### [TASK PROMPT]
Would you give back exactly the lines from the line with "Y2K foil confetti" through the end of the entries below, both included, but none of the pictures?

### [RECORDS FOR THE TASK]
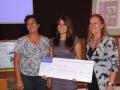 Vista de grupo de la Vicerrectora de Cultura y Deporte, la Directora de la Biblioteca Universitaria y la ganadora del primer premio, quien sostiene un cartel-cheque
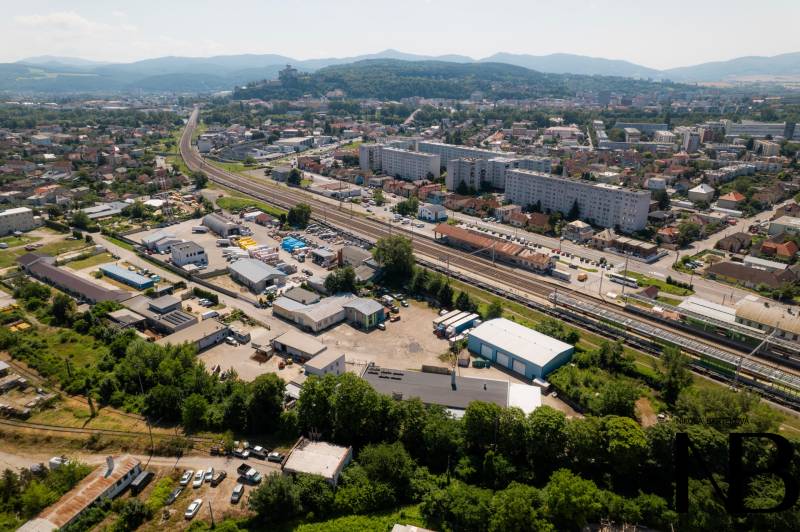 Letecký pohled na Trenčín, Kasárenskou ulici a sklady a haly, v pozadí hory.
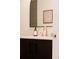 Modern bathroom featuring a sleek vanity with black cabinets, gold fixtures, and stylish arched mirror at 5882 W Chestnut Ave, Littleton, CO 80128
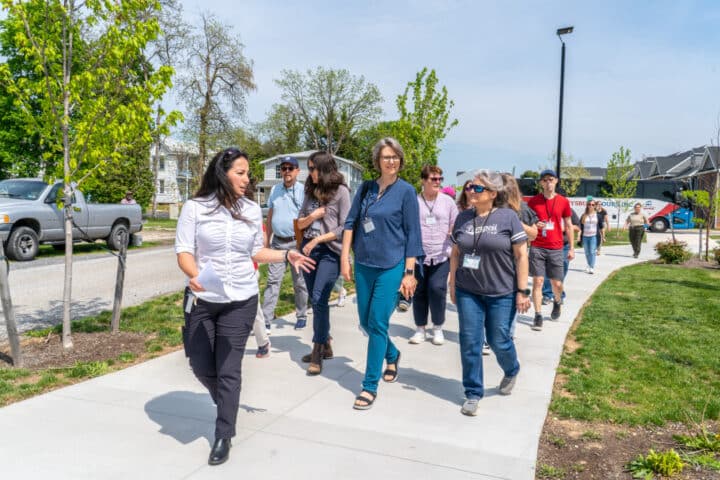 A person speaks to a group of people while leading them down a sidewalk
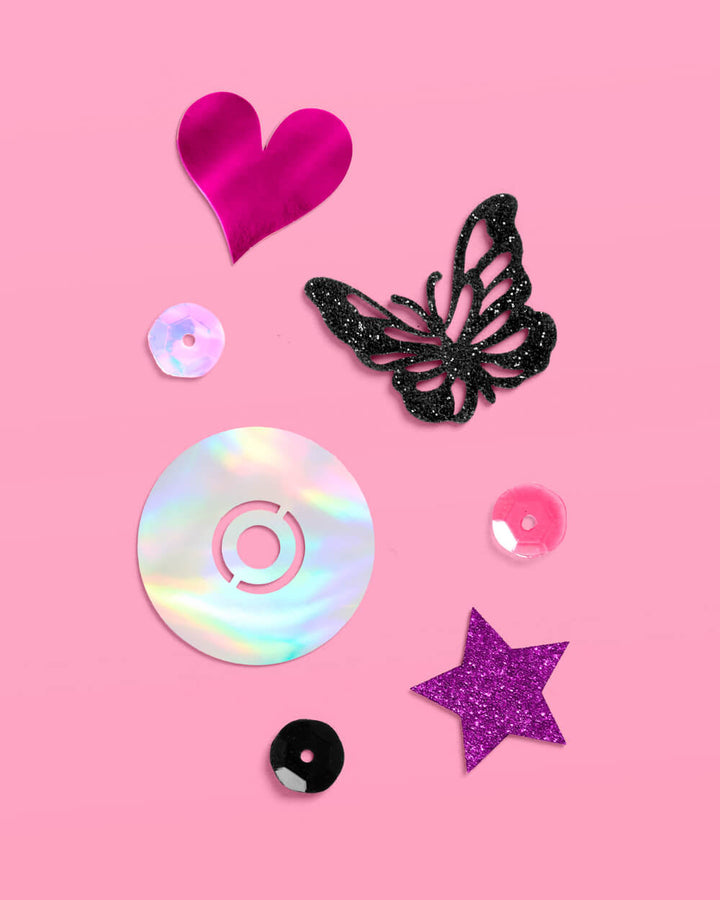 Y2K foil confetti pieces: a pink heart, black butterfly, iridescent CD, purple star, and black dots
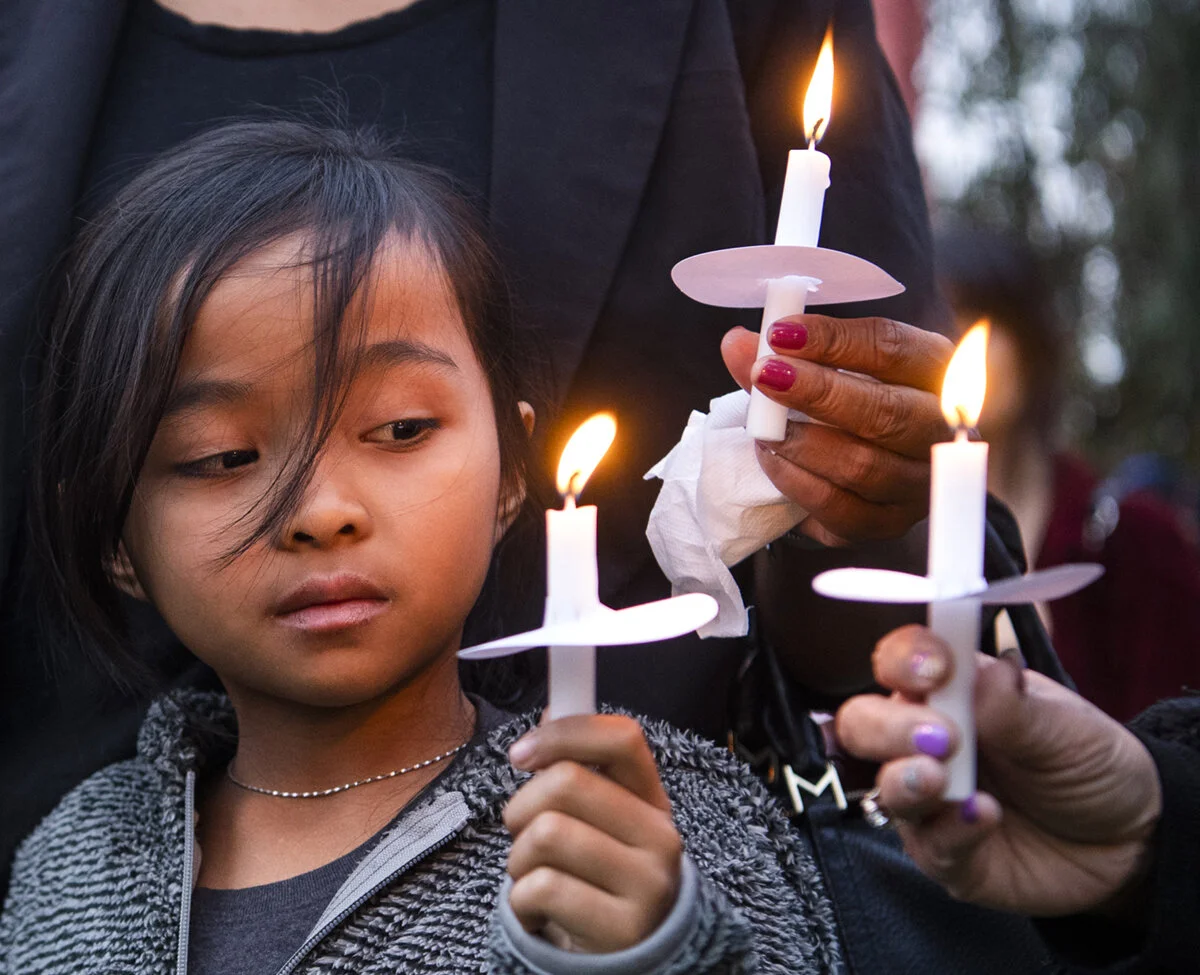  Tamelyn Truong, 6, looks over to her candle during a candlelight vigil for Landis Chase Lim, her brother, at MacArthur Park in Long Beach Monday, March 11, 2019. Lim who is 17 years old, was gunned down in Cambodia Town.  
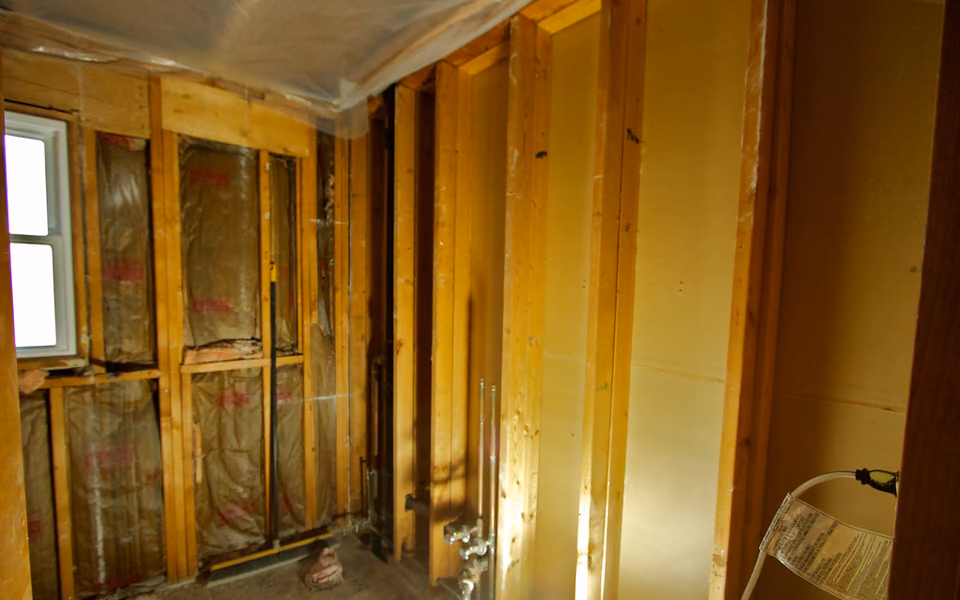 Bathroom stripped to wall studs at the start of a full renovation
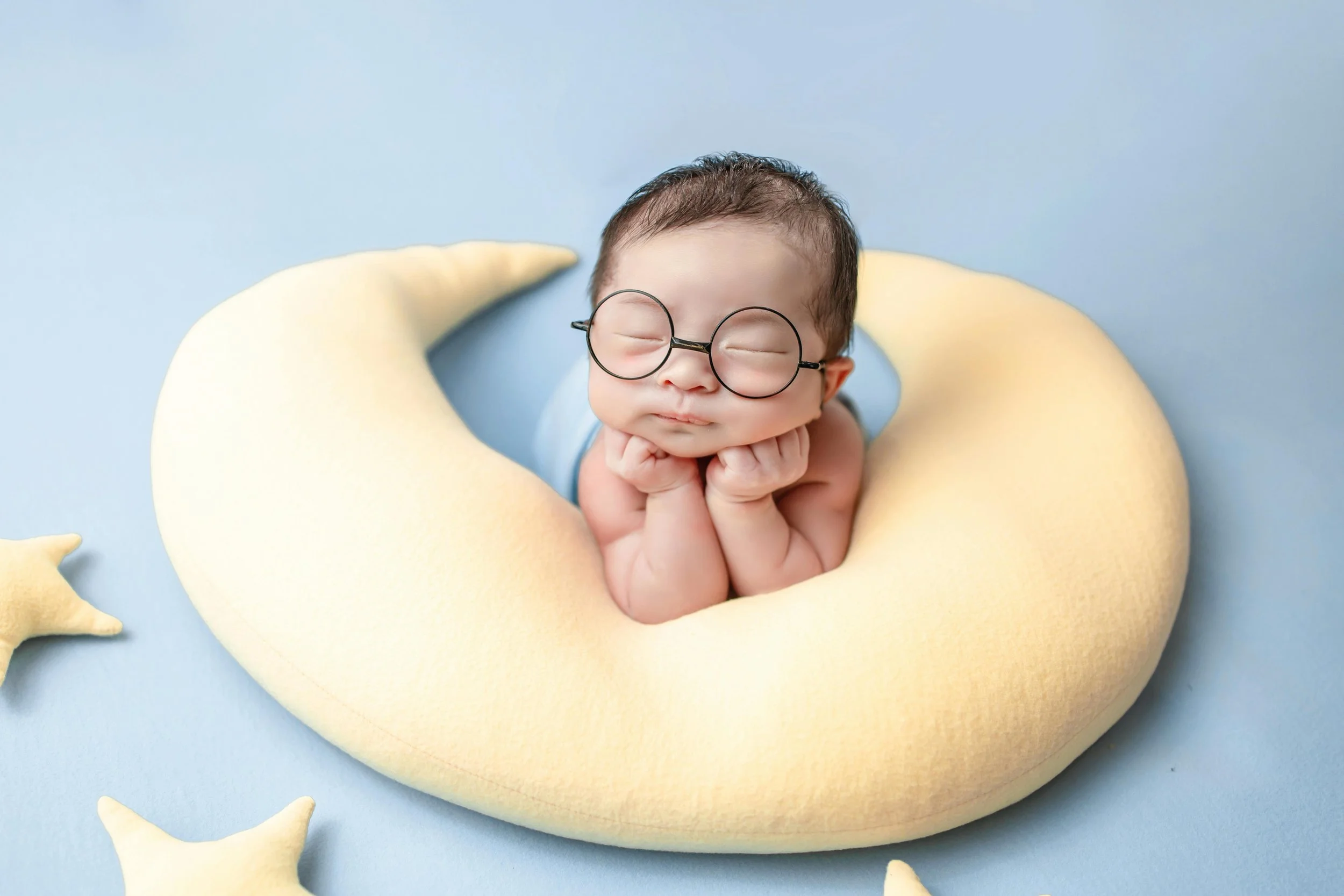 A baby with glasses resting on a yellow crescent moon-shaped pillow, surrounded by yellow stars, on a blue background.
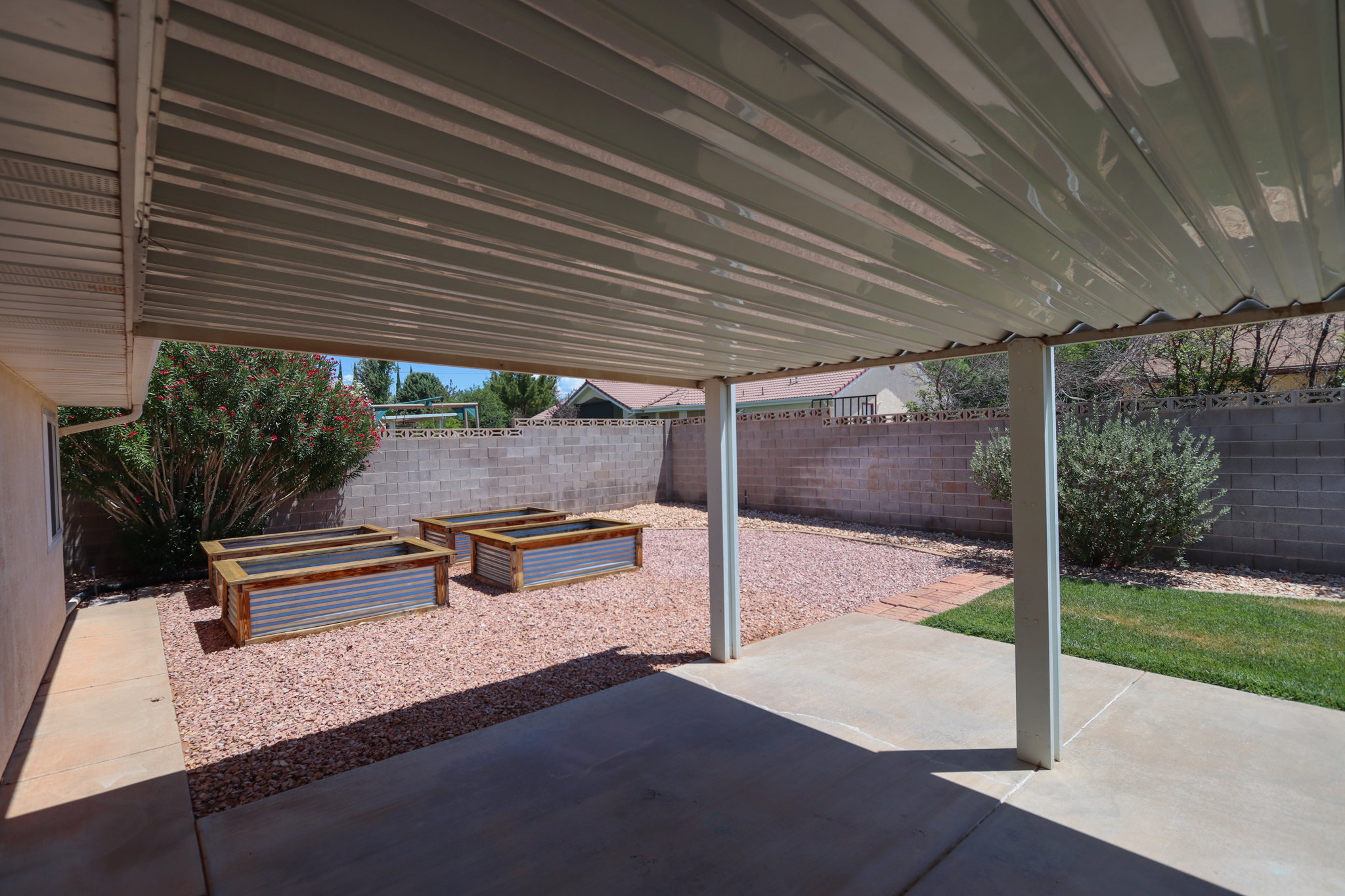 Covered patio featuring concrete flooring and support columns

### [ANSWER BOX]
 Y2K foil confetti pieces: a pink heart, black butterfly, iridescent CD, purple star, and black dots
  Tamelyn Truong, 6, looks over to her candle during a candlelight vigil for Landis Chase Lim, her brother, at MacArthur Park in Long Beach Monday, March 11, 2019. Lim who is 17 years old, was gunned down in Cambodia Town.  
 Bathroom stripped to wall studs at the start of a full renovation
 A baby with glasses resting on a yellow crescent moon-shaped pillow, surrounded by yellow stars, on a blue background.
 Covered patio featuring concrete flooring and support columns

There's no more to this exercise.